Not registered to vote? Time to get in the game

Tuesday is National Voter Registration Day, with a variety of outreach programs to help citizens register. The League of Women Voters will have volunteers in many libraries in the area to assist.
Tuesday is National Voter Registration Day, with a variety of outreach programs to help citizens register. The League of Women Voters will have volunteers in many libraries in the area to assist.

An estimated 6 million Americans failed to vote in 2008 because they did not know how to register or they missed their state's deadline to register.

In response to this national embarrassment came the creation of National Voter Registration Day, which this year takes place Tuesday. It is a day devoted to organizing and mobilizing people to register to vote. Last year, more than 300,000 people became new registered voters on National Voter Registration Day.

This year, some 700 organizations have become partners across the country for this single day of coordinated efforts. As with the League of Women Voters, the National Voter Registration Day organization is nonpartisan. They do not care whom you vote for, they only care that you vote.

People must remember that their votes do, indeed, count, as evidenced by elections resulting in narrow margins and even tie votes. A recount of a town finance board race in the Sept. 10 Connecticut primary confirmed that the contest was a tie, a reminder that voter participation is vital in a democratic system.

Citizens in Connecticut are fortunate to live in a state where its Secretary of the State works to ease the process of registering to vote and casting votes. Too many states are making it more difficult to vote, purportedly as a way of stopping fraud (though such fraud is virtually nonexistent.)
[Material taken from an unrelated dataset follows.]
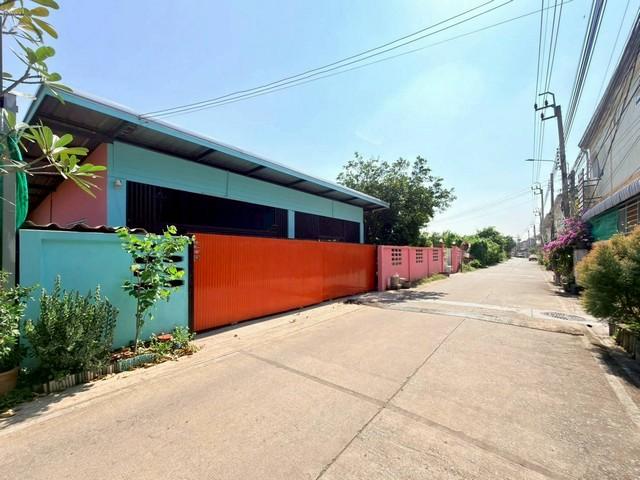 บ้านเดี่ยวหลังใหญ่ เนื้อที่ 454 ตารางวา ต.บางไผ่ อ.เมืองนนทบุรี จ.นนทบุรี 4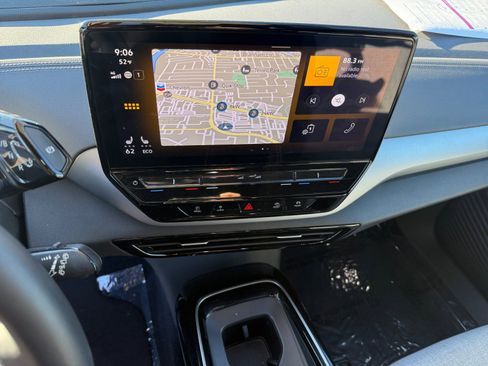 Certified 2023 Volkswagen ID.4 Standard image 12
On this National Voter Registration Day the country's voters remain in the shadow of the June U.S. Supreme Court ruling that eliminated a vital part of the 1965 Voting Rights Act, allowing some states to move forward with restrictive voter identification laws. Attorney General Eric H. Holder Jr. has since intervened but a long-term solution remains out of reach until Congress acts to fashion a new and fair formula.

Despite better access to registration and to the polls in Connecticut, the number of citizens participating remains troublingly low. In Connecticut, one in three eligible citizens are not registered, while nationwide, one in four are not. Sad numbers for a country ruled by a 226-year-old Constitution creating a government of representatives elected by the people.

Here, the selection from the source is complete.